■ WHAT TO WORK ON: Copy every record below exactly as written, but leave out the pictures.

■ RECORDS PROVIDED:
=== Begin Enclosure ===
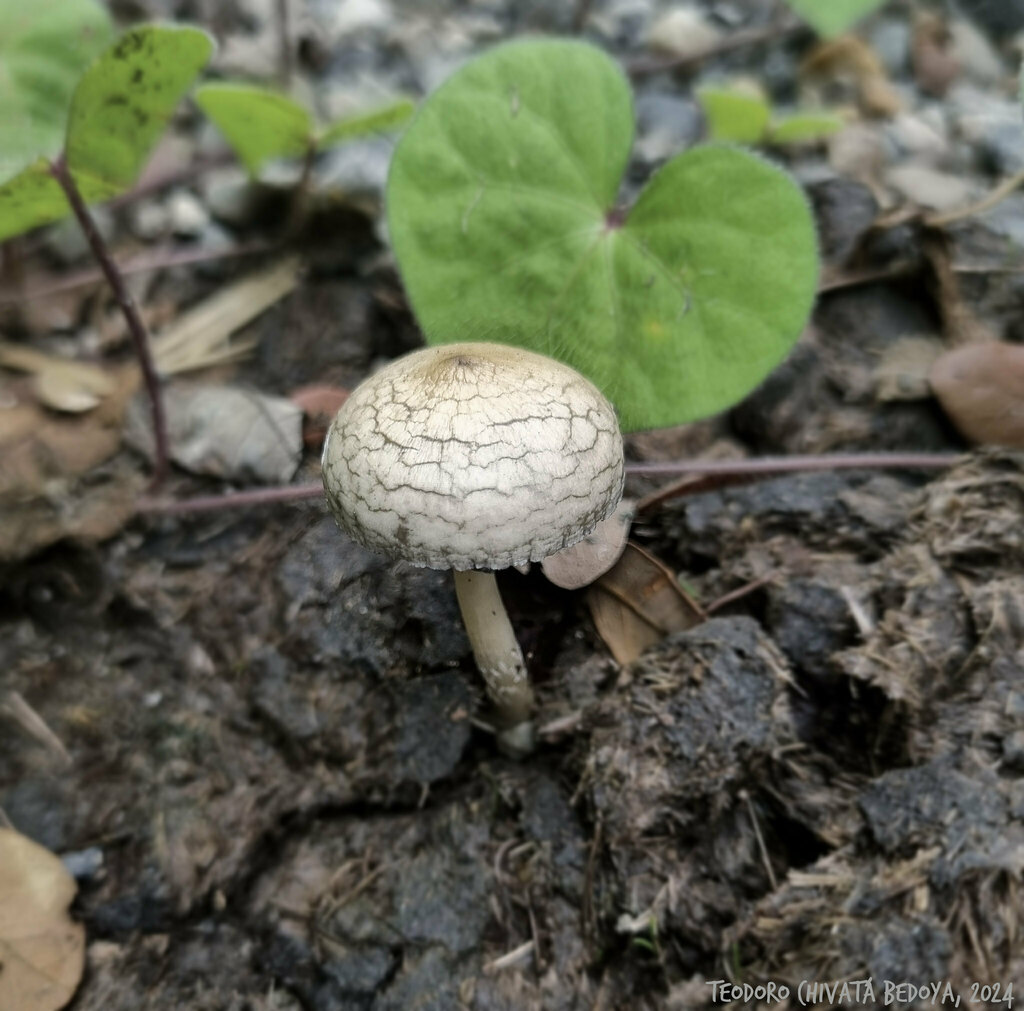 Psilocybe cubensis · August 2024 · photo: © teodoro_chivatabedoya (iNaturalist, cc-by)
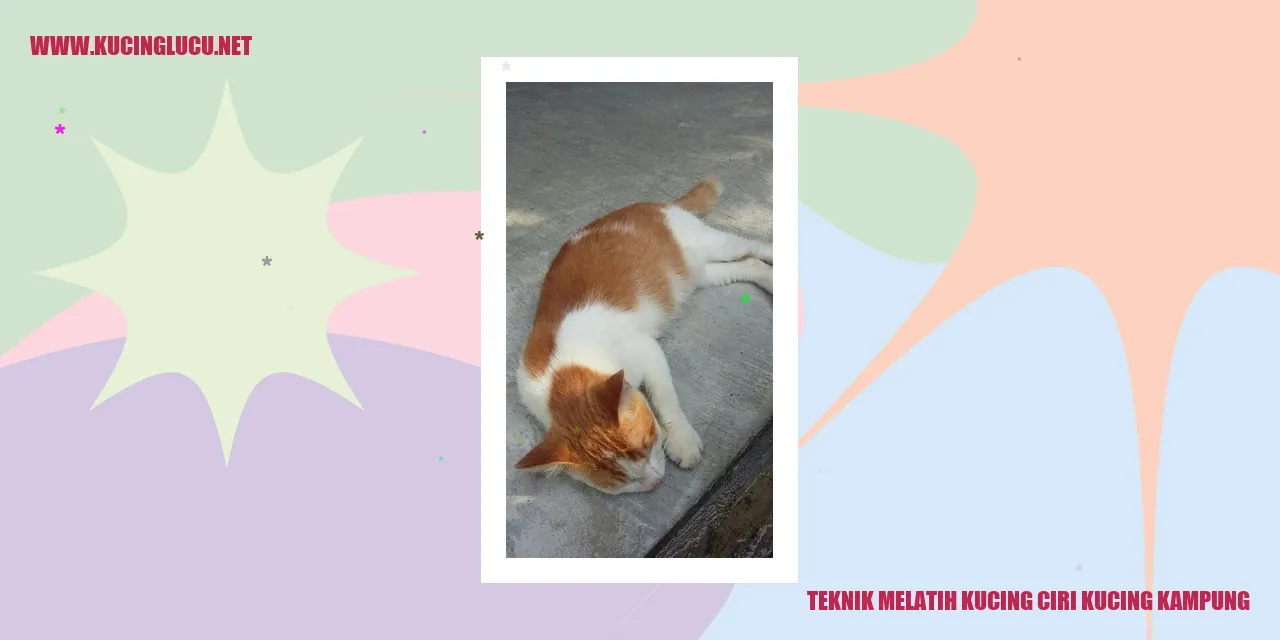 Gambar Kucing Kampung
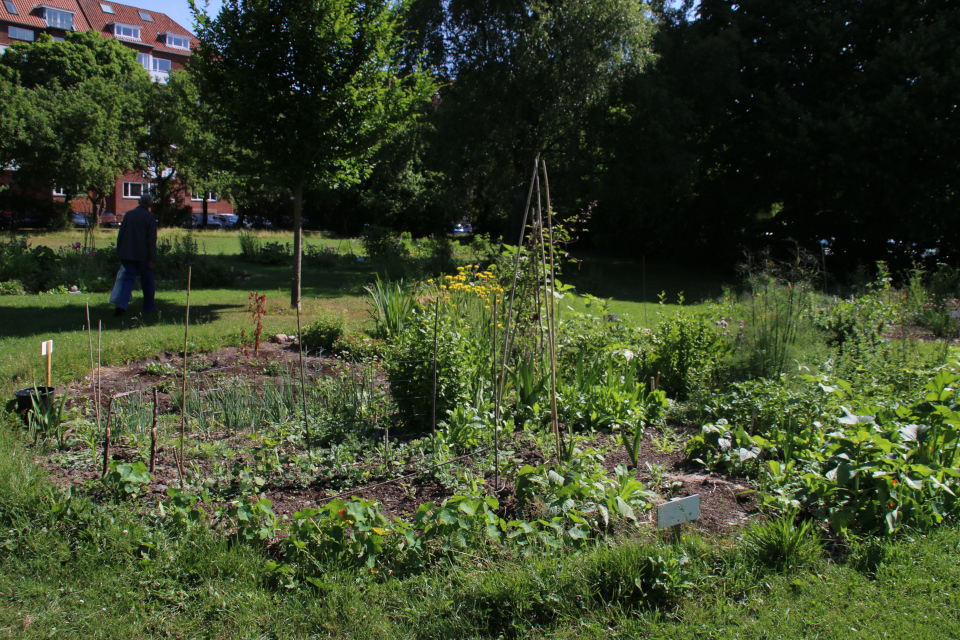 Городские огороды Марселисборг (Havefællesskabet i Marselisborg Hospitalspark), г. Орхус, Дания. Фото 12 июн. 2018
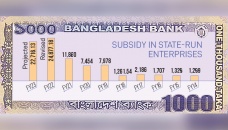 Govt to double subsidy in FY23 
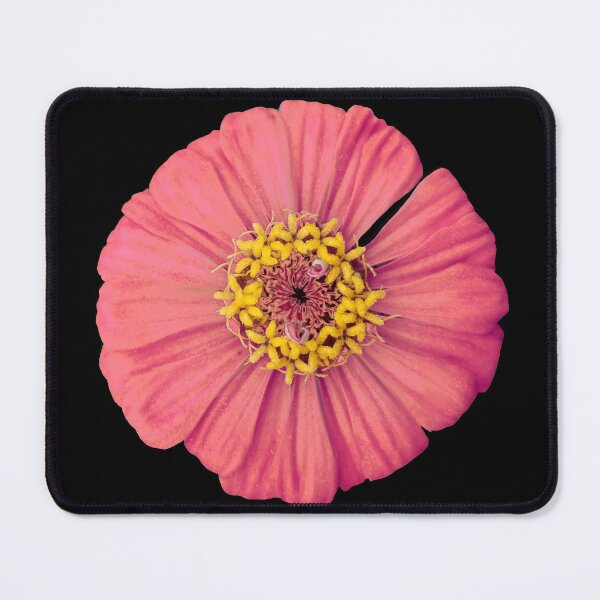 Item preview, Field Guide to Zinnias, No. 12, Peachy Plum Zinnia Flower designed and sold by Kristi Duggins.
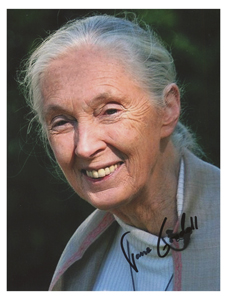 Lot #232 Jane Goodall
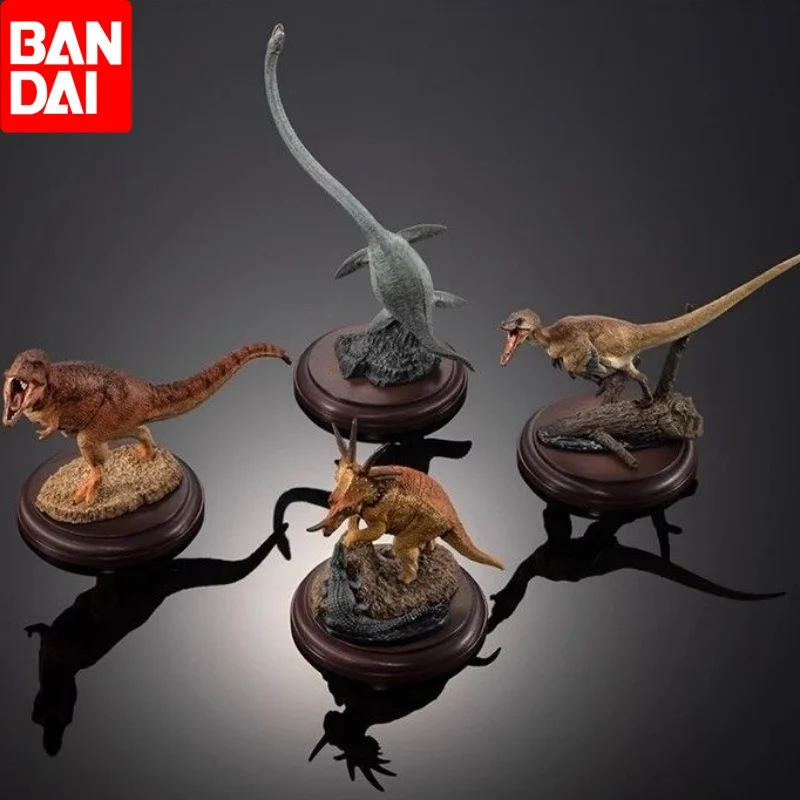 

Hot Original Bandai Gashapon Big Biological Map Figures Dinosaur Tyrannosaurus Simulation Movable Animal Action Figure Model Toy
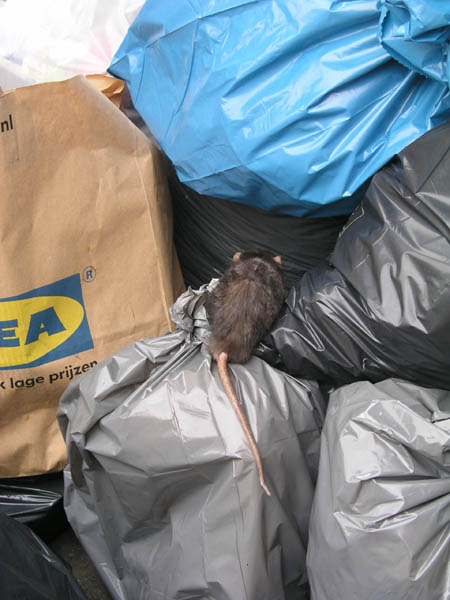 Animal Liberation Front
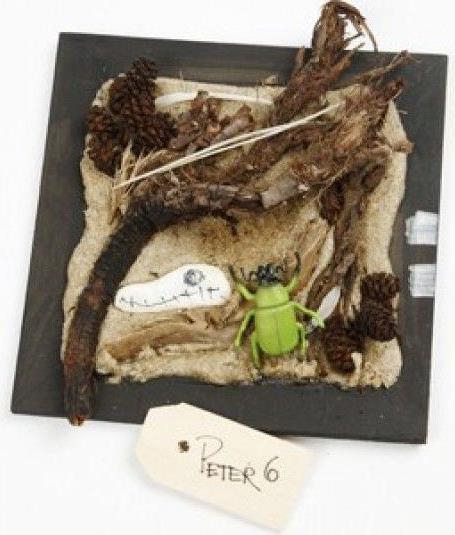 Produktbild Creativ Company Deko-Insekten (60 Stk.)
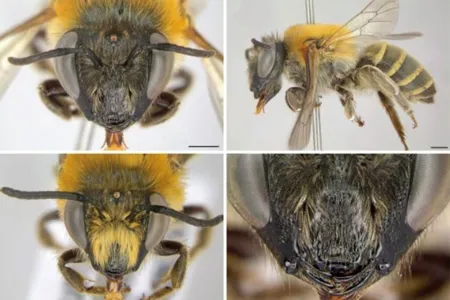 Nova espécie de abelha é descoberta por professora da Unicentro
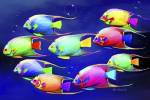 Colorful Fishes 2 by Ata Alishahi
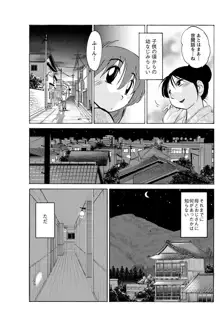 ひるがお 第1-2, 4, 14-40話, 日本語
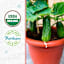 Back to Roots Heirloom Seeds, Cucumber Spacemaster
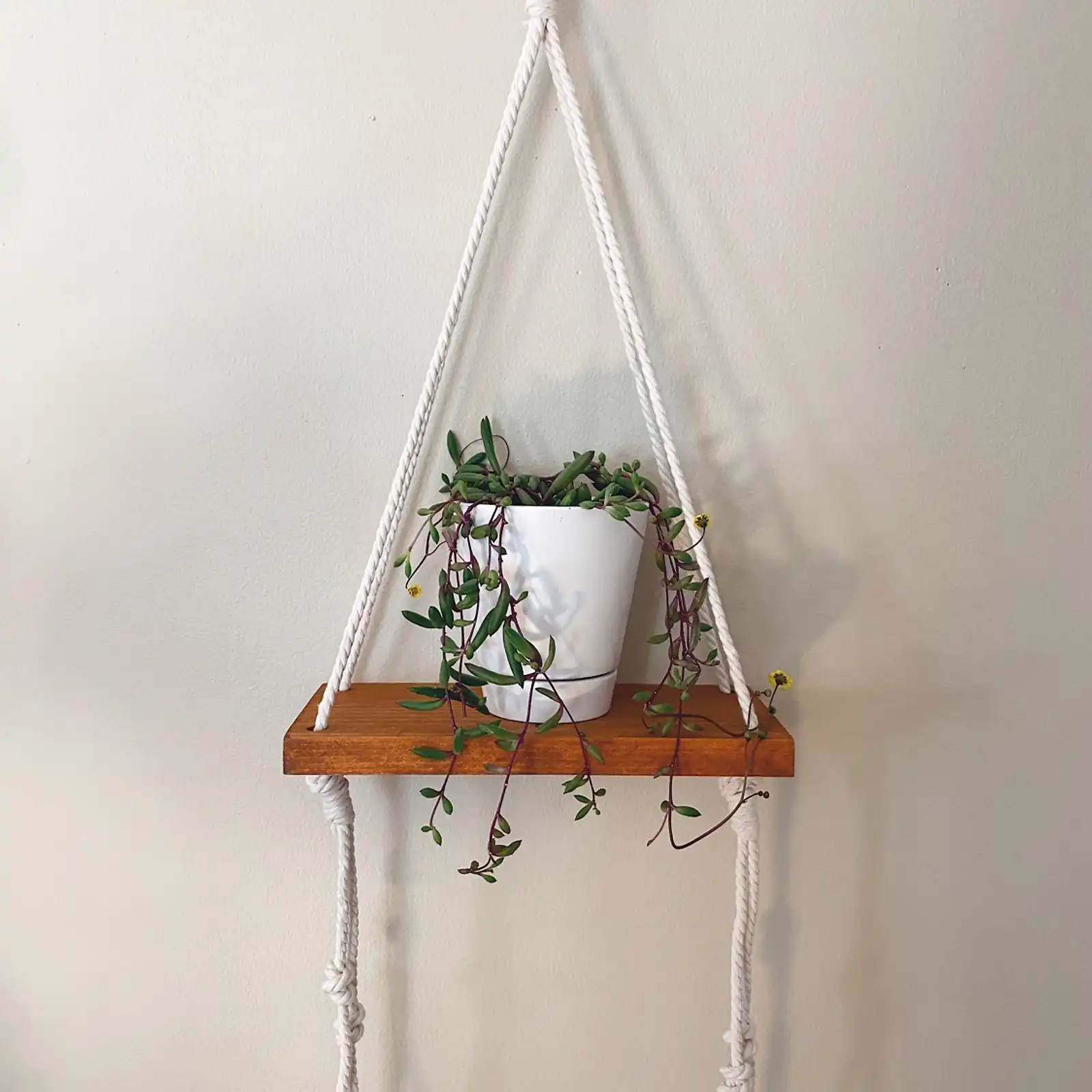 Thumbnail: Plant Shelfie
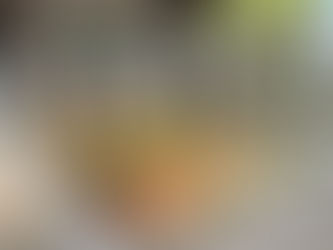 連日びわの収穫！さすがに疲労が・・・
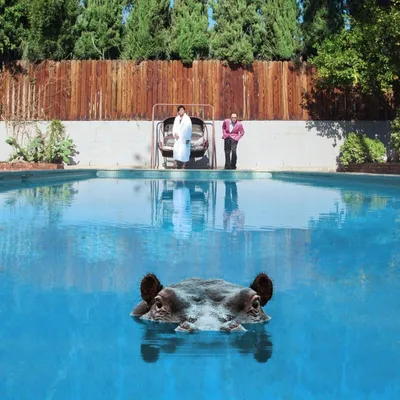 Zdjęcie produktu dla Sparks - Hippopotamus (Limited Edition) (2 LP)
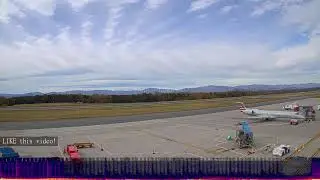 ✨ ✈️ Capturing the beauty of small aircraft in action | Real Airport Action | @ZonaRunway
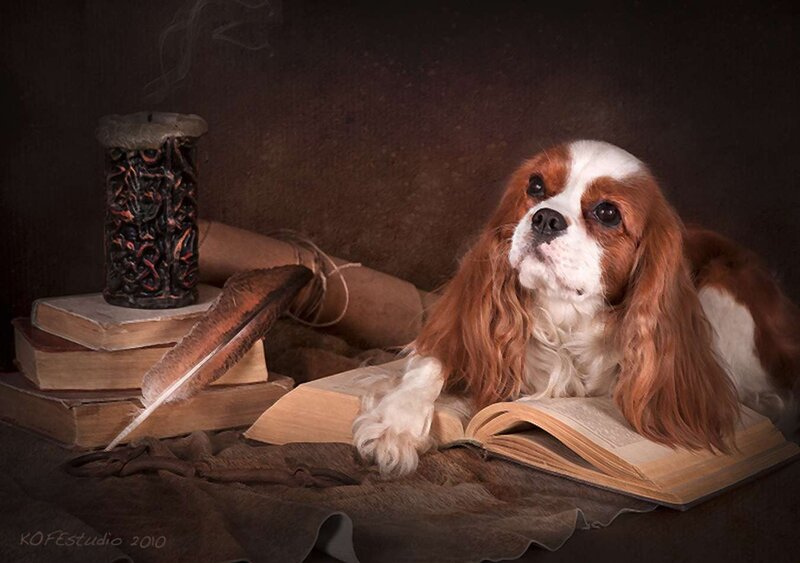 Cavalier King Charles Spaniel — Brown, Dramatic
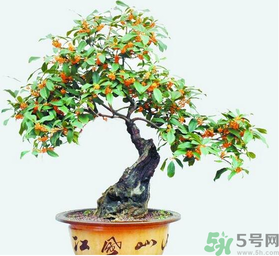 桂花樹(shù)可以種在室內(nèi)嗎？桂花樹(shù)適合在室內(nèi)嗎？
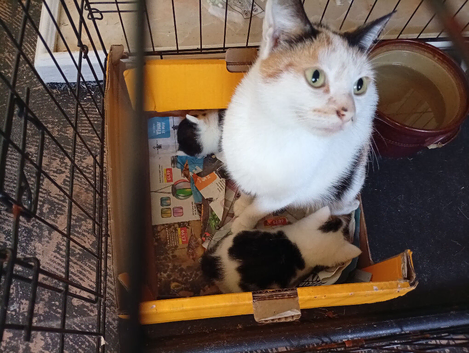 Mum and kitten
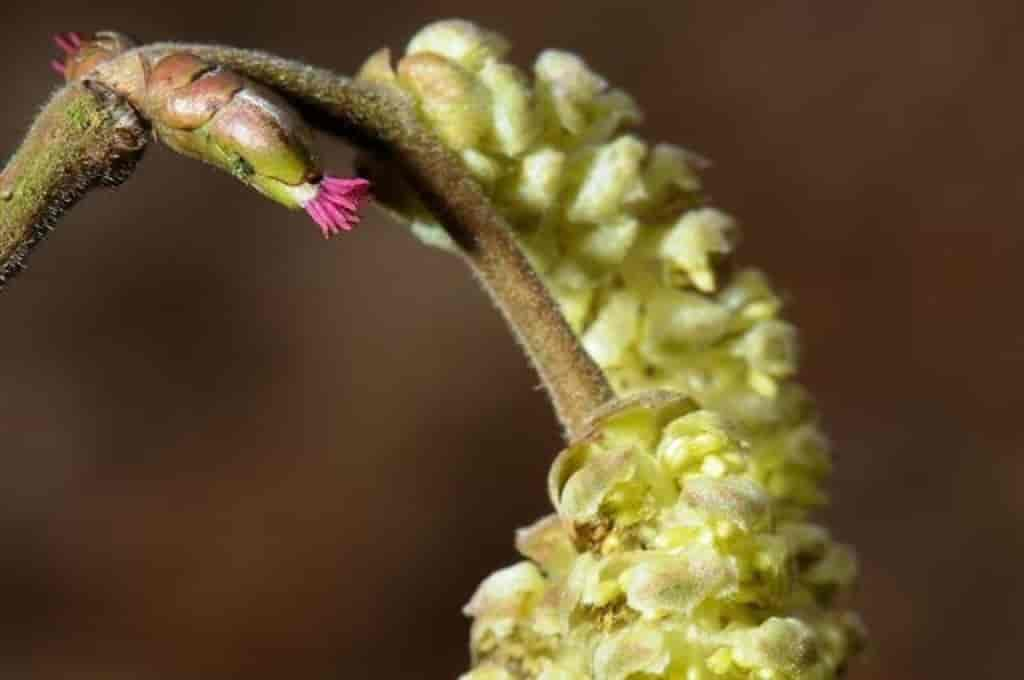 Corylus avellana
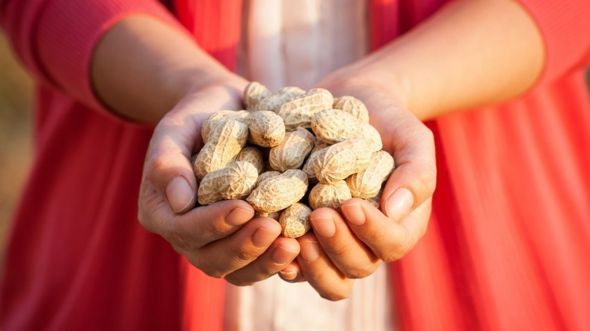 En las últimas dos décadas se doblaron los niños diagnosticados con alergia al maní en el Reino Unido. GETTY IMAGES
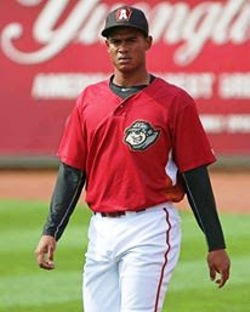 Cinco prospectos puertoplateños estarán disponibles en el venidero draft de la Liga Dominicana de Béisbol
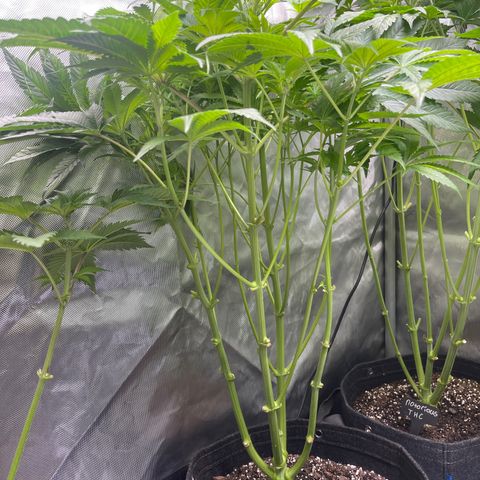 Hella Jelly  growlog timeline photo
=== End Enclosure ===
■ ANSWER TO THE PROBLEM:
 Psilocybe cubensis · August 2024 · photo: © teodoro_chivatabedoya (iNaturalist, cc-by)
 Gambar Kucing Kampung
 Городские огороды Марселисборг (Havefællesskabet i Marselisborg Hospitalspark), г. Орхус, Дания. Фото 12 июн. 2018
 Govt to double subsidy in FY23 
 Item preview, Field Guide to Zinnias, No. 12, Peachy Plum Zinnia Flower designed and sold by Kristi Duggins.
 Lot #232 Jane Goodall

Hot Original Bandai Gashapon Big Biological Map Figures Dinosaur Tyrannosaurus Simulation Movable Animal Action Figure Model Toy
 Animal Liberation Front
 Produktbild Creativ Company Deko-Insekten (60 Stk.)
 Nova espécie de abelha é descoberta por professora da Unicentro
 Colorful Fishes 2 by Ata Alishahi
 ひるがお 第1-2, 4, 14-40話, 日本語
 Back to Roots Heirloom Seeds, Cucumber Spacemaster
 Thumbnail: Plant Shelfie
 連日びわの収穫！さすがに疲労が・・・
 Zdjęcie produktu dla Sparks - Hippopotamus (Limited Edition) (2 LP)
 ✨ ✈️ Capturing the beauty of small aircraft in action | Real Airport Action | @ZonaRunway
 Cavalier King Charles Spaniel — Brown, Dramatic
 桂花樹(shù)可以種在室內(nèi)嗎？桂花樹(shù)適合在室內(nèi)嗎？
 Mum and kitten
 Corylus avellana
 En las últimas dos décadas se doblaron los niños diagnosticados con alergia al maní en el Reino Unido. GETTY IMAGES
 Cinco prospectos puertoplateños estarán disponibles en el venidero draft de la Liga Dominicana de Béisbol
 Hella Jelly  growlog timeline photo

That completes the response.